Day 4: Another eventful day at the 35th Annual Space Symposium! Today was a bit slower than the blur of yesterday. My day was structured a bit differently because I worked the Raytheon booth! The majority of my time was spent talking to wandering visitors about essentially everything I discussed in my early blog post about the SPEARR project. It was very interesting to meet such a wide range from “never have heard of” to “we are running into similar issues and looking at solutions” to “how can my company get involved”. It is very different being on the “booth host” side of things and I learned a lot about how to present to a range of people.

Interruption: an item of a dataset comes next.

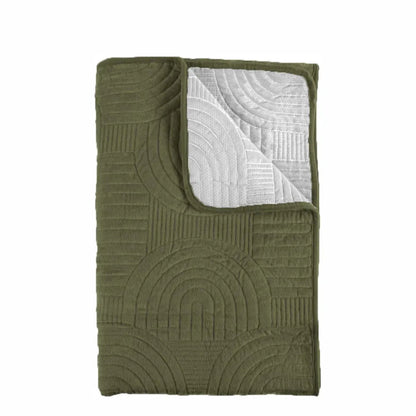 Cuvertura Canapea, Naimeed D4899M, 70x210cm, poliester, pufoasa, matlasata, Verde Inchis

As much as I truly enjoyed promoting my company, I did not like being tethered to one spot. After my booth time was up, I got back to wandering the show floor. The two booths that really stood out to me were NASA (no surprise) and PARO.
It probably wouldn’t be hard to find a common connection between NASA and every other company at the symposium so it makes sense NASA would have an impressive booth. The VR system had incredibly high technology and there were tons of smaller project tables for in depth explanations. Most notably I had an amazing discussion with three gentlemen revolving around the major global players in space, specifically China. This will be a great follow up post discussing old mindsets, new mindsets, and common trends.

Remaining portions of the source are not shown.